1. Matt Chaput
  2. whoosh

Source

whoosh / src / whoosh / lang / snowball / hungarian.py

from whoosh.compat import u

class HungarianStemmer(object):

    """
    The Hungarian Snowball stemmer.

    :cvar __vowels: The Hungarian vowels.
    :type __vowels: unicode
    :cvar __digraphs: The Hungarian digraphs.
    :type __digraphs: tuple
    :cvar __double_consonants: The Hungarian double consonants.
    :type __double_consonants: tuple
    :cvar __step1_suffixes: Suffixes to be deleted in step 1 of the algorithm.
    :type __step1_suffixes: tuple
    :cvar __step2_suffixes: Suffixes to be deleted in step 2 of the algorithm.
    :type __step2_suffixes: tuple
    :cvar __step3_suffixes: Suffixes to be deleted in step 3 of the algorithm.
    :type __step3_suffixes: tuple
    :cvar __step4_suffixes: Suffixes to be deleted in step 4 of the algorithm.
    :type __step4_suffixes: tuple
    :cvar __step5_suffixes: Suffixes to be deleted in step 5 of the algorithm.
    :type __step5_suffixes: tuple
    :cvar __step6_suffixes: Suffixes to be deleted in step 6 of the algorithm.
    :type __step6_suffixes: tuple
    :cvar __step7_suffixes: Suffixes to be deleted in step 7 of the algorithm.
    :type __step7_suffixes: tuple
    :cvar __step8_suffixes: Suffixes to be deleted in step 8 of the algorithm.
    :type __step8_suffixes: tuple
    :cvar __step9_suffixes: Suffixes to be deleted in step 9 of the algorithm.
    :type __step9_suffixes: tuple
    :note: A detailed description of the Hungarian
           stemming algorithm can be found under
           http://snowball.tartarus.org/algorithms/hungarian/stemmer.html

    """

    __vowels = u"aeiou\xF6\xFC\xE1\xE9\xED\xF3\xF5\xFA\xFB"
    __digraphs = ("cs", "dz", "dzs", "gy", "ly", "ny", "ty", "zs")
    __double_consonants = ("bb", "cc", "ccs", "dd", "ff", "gg",
                             "ggy", "jj", "kk", "ll", "lly", "mm",
                             "nn", "nny", "pp", "rr", "ss", "ssz",
                             "tt", "tty", "vv", "zz", "zzs")
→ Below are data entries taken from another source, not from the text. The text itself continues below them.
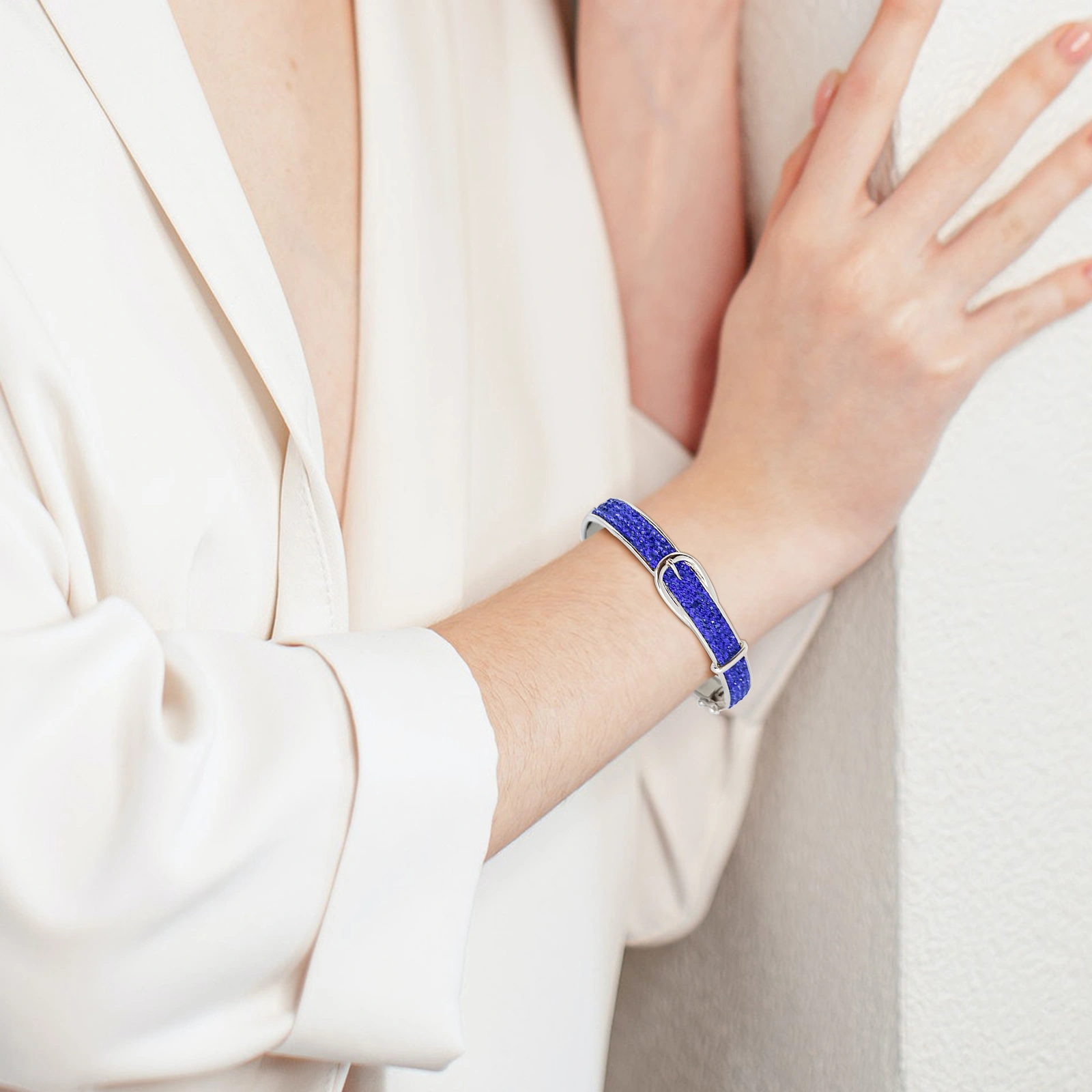 brass oval belt shape bracelet fashion brass bangle with blue crystal for women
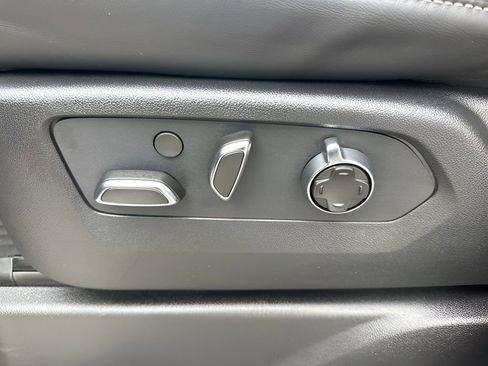 Used 2024 Cadillac Escalade ESV Premium Luxury Platinum image 10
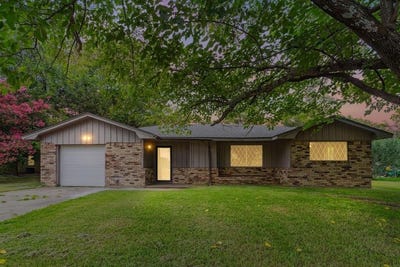 /international/us/2706-monroe-street-commerce-tx-110100677944/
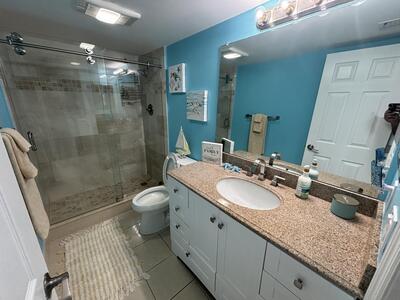 1202 S Lake Drive, Lantana, FL 33462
    __step1_suffixes = ("al", "el")
    __step2_suffixes = (u'k\xE9ppen', u'onk\xE9nt', u'enk\xE9nt',
                        u'ank\xE9nt', u'k\xE9pp', u'k\xE9nt', 'ban',
                        'ben', 'nak', 'nek', 'val', 'vel', u't\xF3l',
                        u't\xF5l', u'r\xF3l', u'r\xF5l', u'b\xF3l',
                        u'b\xF5l', 'hoz', 'hez', u'h\xF6z',
                        u'n\xE1l', u'n\xE9l', u'\xE9rt', 'kor',
                        'ba', 'be', 'ra', 're', 'ig', 'at', 'et',
                        'ot', u'\xF6t', 'ul', u'\xFCl', u'v\xE1',
                        u'v\xE9', 'en', 'on', 'an', u'\xF6n',
                        'n', 't')
    __step3_suffixes = (u"\xE1nk\xE9nt", u"\xE1n", u"\xE9n")
    __step4_suffixes = ('astul', u'est\xFCl', u'\xE1stul',
                        u'\xE9st\xFCl', 'stul', u'st\xFCl')
    __step5_suffixes = (u"\xE1", u"\xE9")
    __step6_suffixes = (u'ok\xE9', u'\xF6k\xE9', u'ak\xE9',
                        u'ek\xE9', u'\xE1k\xE9', u'\xE1\xE9i',
                        u'\xE9k\xE9', u'\xE9\xE9i', u'k\xE9',
                        u'\xE9i', u'\xE9\xE9', u'\xE9')
    __step7_suffixes = (u'\xE1juk', u'\xE9j\xFCk', u'\xFCnk',
                        'unk', 'juk', u'j\xFCk', u'\xE1nk',
                        u'\xE9nk', 'nk', 'uk', u'\xFCk', 'em',
                        'om', 'am', 'od', 'ed', 'ad', u'\xF6d',
                        'ja', 'je', u'\xE1m', u'\xE1d', u'\xE9m',
                        u'\xE9d', 'm', 'd', 'a', 'e', 'o',
                        u'\xE1', u'\xE9')
    __step8_suffixes = ('jaitok', 'jeitek', 'jaink', 'jeink', 'aitok',
                        'eitek', u'\xE1itok', u'\xE9itek', 'jaim',
                        'jeim', 'jaid', 'jeid', 'eink', 'aink',
                        'itek', 'jeik', 'jaik', u'\xE1ink',
                        u'\xE9ink', 'aim', 'eim', 'aid', 'eid',
                        'jai', 'jei', 'ink', 'aik', 'eik',
                        u'\xE1im', u'\xE1id', u'\xE1ik', u'\xE9im',
                        u'\xE9id', u'\xE9ik', 'im', 'id', 'ai',
                        'ei', 'ik', u'\xE1i', u'\xE9i', 'i')
    __step9_suffixes = (u"\xE1k", u"\xE9k", u"\xF6k", "ok",
                        "ek", "ak", "k")

    def stem(self, word):
        """
        Stem an Hungarian word and return the stemmed form.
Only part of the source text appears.